Work to complete.
Your answer must be the exact lines below, starting with the line with "If you do not" and going on through the line with "So this is how", both included, with no pictures.

======== Given data

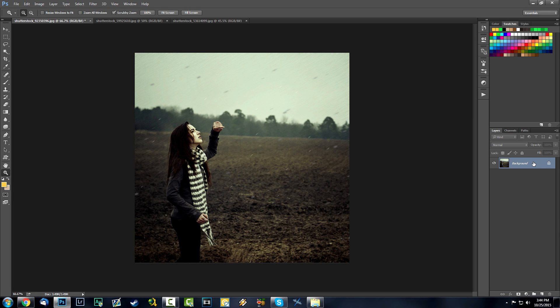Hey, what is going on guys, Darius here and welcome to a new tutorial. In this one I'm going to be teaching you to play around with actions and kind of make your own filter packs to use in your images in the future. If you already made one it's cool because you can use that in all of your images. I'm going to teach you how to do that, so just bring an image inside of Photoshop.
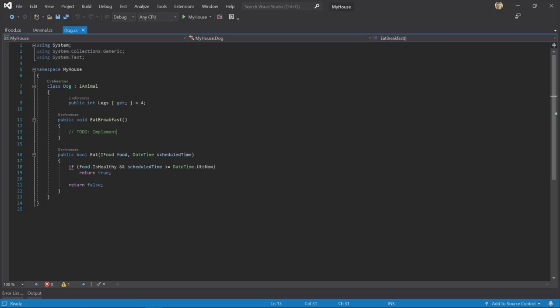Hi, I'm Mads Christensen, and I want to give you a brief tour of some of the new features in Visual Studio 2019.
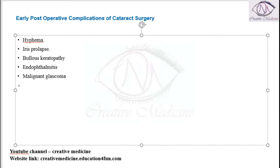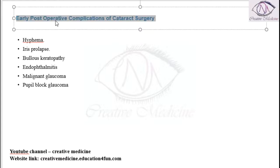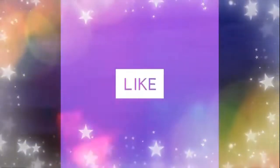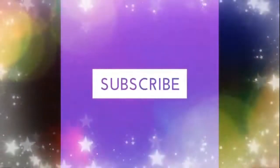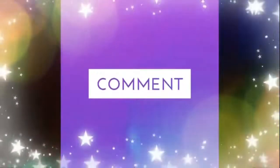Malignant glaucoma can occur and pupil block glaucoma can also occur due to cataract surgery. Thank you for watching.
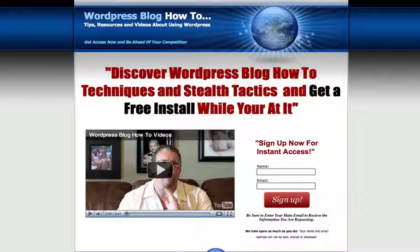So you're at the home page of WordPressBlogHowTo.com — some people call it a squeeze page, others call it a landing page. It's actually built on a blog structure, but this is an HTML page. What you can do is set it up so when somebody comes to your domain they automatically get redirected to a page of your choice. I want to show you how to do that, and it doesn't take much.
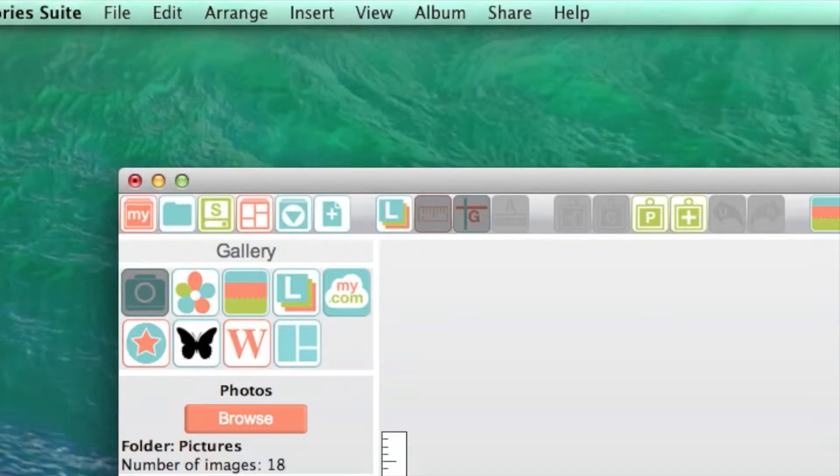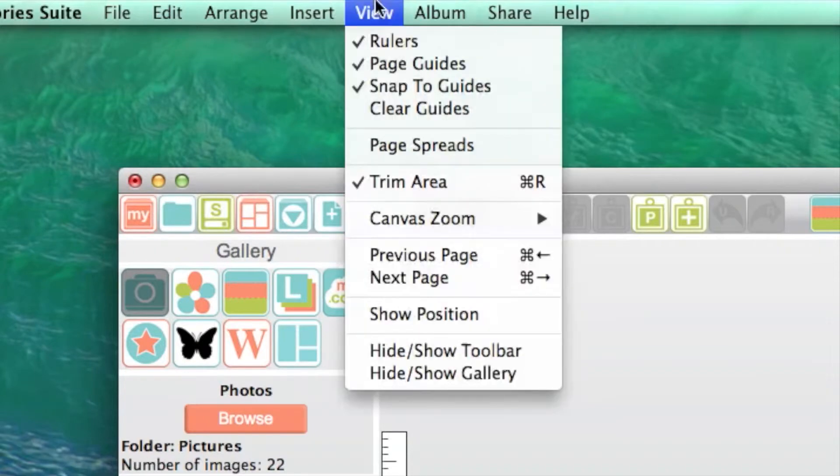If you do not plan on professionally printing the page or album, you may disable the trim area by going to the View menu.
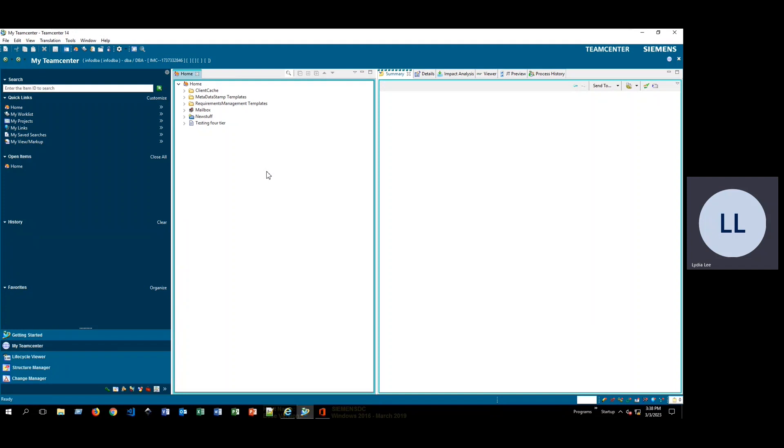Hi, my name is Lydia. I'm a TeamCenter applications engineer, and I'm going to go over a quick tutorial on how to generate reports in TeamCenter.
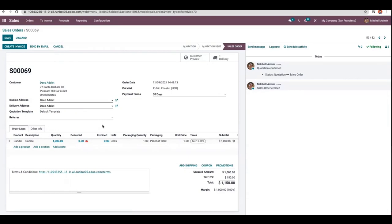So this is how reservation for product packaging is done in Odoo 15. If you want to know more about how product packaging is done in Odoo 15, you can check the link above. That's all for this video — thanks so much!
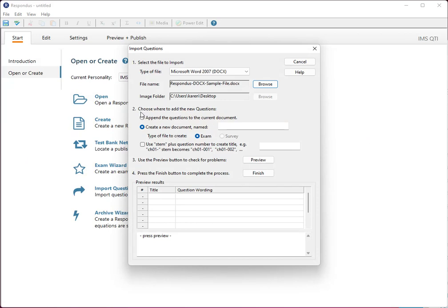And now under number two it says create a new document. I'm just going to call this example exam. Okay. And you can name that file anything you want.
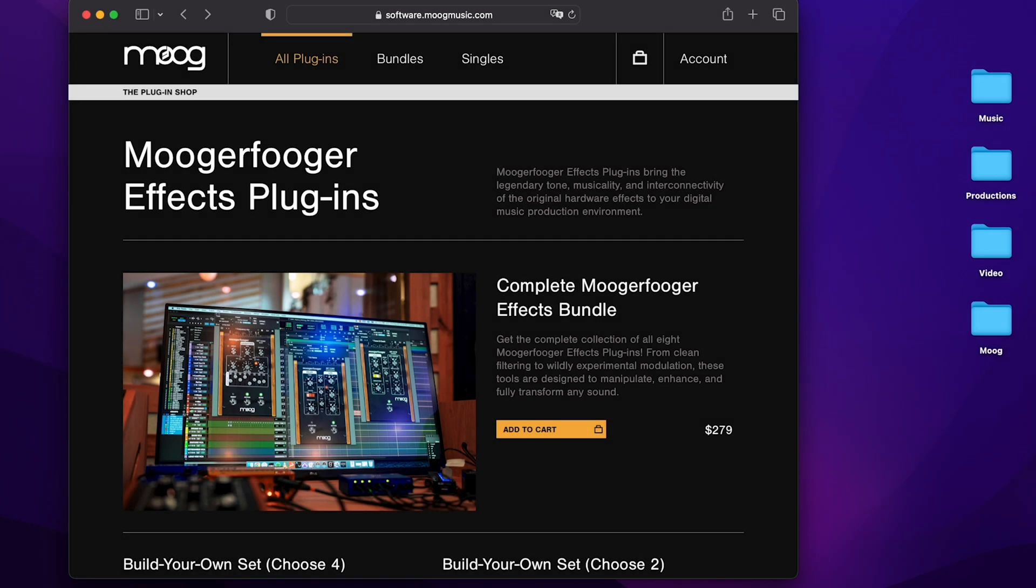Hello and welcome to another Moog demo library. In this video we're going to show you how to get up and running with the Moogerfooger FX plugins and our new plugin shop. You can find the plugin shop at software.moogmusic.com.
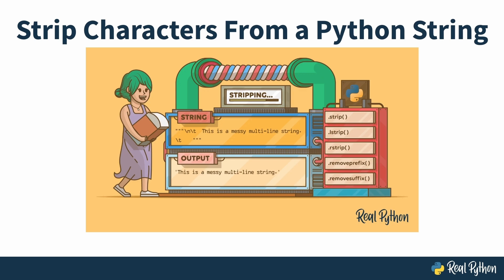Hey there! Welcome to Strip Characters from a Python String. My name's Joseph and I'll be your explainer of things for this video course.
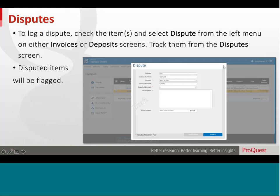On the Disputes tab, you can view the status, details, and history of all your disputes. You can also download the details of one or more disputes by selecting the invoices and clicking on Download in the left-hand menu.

================

Solution to the problem.
If you do not plan on professionally printing the page or album, you may disable the trim area by going to the View menu.
Hi, my name is Lydia. I'm a TeamCenter applications engineer, and I'm going to go over a quick tutorial on how to generate reports in TeamCenter.
So this is how reservation for product packaging is done in Odoo 15. If you want to know more about how product packaging is done in Odoo 15, you can check the link above. That's all for this video — thanks so much!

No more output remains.